Образ и слава актера, увы, исчезают вместе с поколением, к которому он принадлежал, по выражению Кина. Вот почему, оставляя в стороне отвлеченные и теоретические рассуждения, я для выяснения артистической личности Козельского скажу несколько слов о том, чем был серьезный трагический репертуар в провинции после главных сил ее — Милославского и Рыбакова и чем он стал в руках Козельского.
Начну с того, что если такой огромный талант и ум, как Милославский, мог ограничиться, играя Гамлета, переводом Полевого (перевод по языку и в некоторых местах необыкновенно проникновенный, образный, но в общем — чрезвычайно сокращенный и прямолинейный) и с любовью культивировать мелодраму, то что же представляло большинство последователей Милославского и Рыбакова, лишенное их артистического чутья, вкуса и части того романтизма, который был завещан им Мочаловым, — того романтизма, которому, в лице Мочалова, отчасти обязана и русская литература.

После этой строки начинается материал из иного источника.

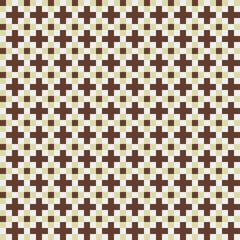 Abstract Cross Pattern generative computational art illustration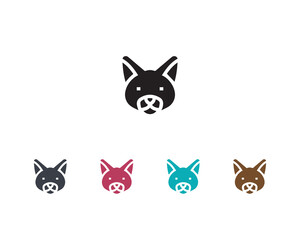 Cute Cat head linear symbol premium icon, Smiley cat emotions icon, Premium Quality Kitten Element In Trendy Style, Vector of a cat face icon Black and White Logo, Sign, Design Vector Illustration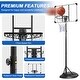 preview thumbnail 2 of 12, 7.5 to 9.2FT Height Adjustable Portable Basketball Hoop System Stand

И вот, на распутье между новым и старым направлением искусства, в провинции является Иванов-Козелъский, который, чистосердечно можно сказать, после великого Щепкина — первый из русских актеров в провинции показал, что такое художественная простота, и ревниво отделил ее от грубой естественности.
Сколько труда и какого труда положил он на изучение хотя бы того «Гамлета», над которым он особенно работал всю свою жизнь. По целым ночам, в сообществе людей, прекрасно знающих английский язык и литературу о Шекспире, Козельский сличал между собою все существующие переводы Гамлета, читал и перечитывал все сколько-нибудь относящееся к Шекспиру и вообще художественной области. Вот как готовился человек для сцены. В сцене, например, на кладбище Козельский иногда возвышался почти до гениальности. Припомните, с каким неподражаемым изяществом, с какой трогательной музыкой в голосе Козельский умел придать мировое значение этой траурной сцене на безмолвном кладбище. Его восклицание — «увы, бедный Иорик» — и затем нежный, неизъяснимо пленительный переход к словам: «я знал его, Горацио… Ах, этот человек был с дивной фантазией и бесконечным юмором…» Каким благородством вспыхивало в это время его лицо, каким чистым, ангельским блеском горели в это время его глаза, как мягки и красивы были в этой сцене его жесты, как шли они к его небольшой фигуре с небрежно наброшенным плащом.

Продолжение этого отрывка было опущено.